Agreed, that was badly worded. Like you said, one could compare a module written in Unity and compiled to whatever Unity compiles to/is implemented in these days with a module in WASM.
Edit: Or does the AOT mean that the format that is shipped is some non-native format but the client compiles everything before the first run?
The same way JavaScript or C#/Java do. It's a bytecode format (typically the first stage in today's JavaScript engines is to turn into a bytecode), which the different engines then JIT for the OS and architecture they are running on.
For more details on a couple different engine implementations, you may find the below of interest.
"designed for AOT" means it ships platform independent byte code, which is easy to turn into assembly/machine code before running it.
AOT is a counter part to JIT:
- AOT ahead of time (but still on the system, e.g. just before running)

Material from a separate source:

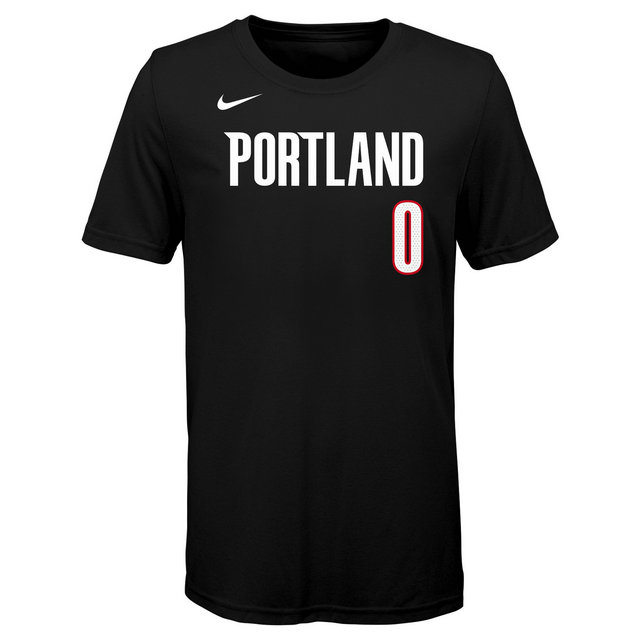 T-shirt NBA Enfant Damian Lillard Portland Trailblazers Noir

- JIT just in time (while interpreting code you notice a hot section and turn it into native code)
So what most WASM runtime do is parse the WASM byte code, running certain checks for wellformedness and emit assembly (with necessary bounds checks, etc. to not escape the WASM sandbox).
This doesn't mean you can't interpret it, or interpret + JIT it, it's just that AOT seemed like a better choice then JIT or pure interpretation for WASM, as just interpreting it isn't fast enough compared to JavaScript JIT/or asm.js, to make it worth adding it to the web.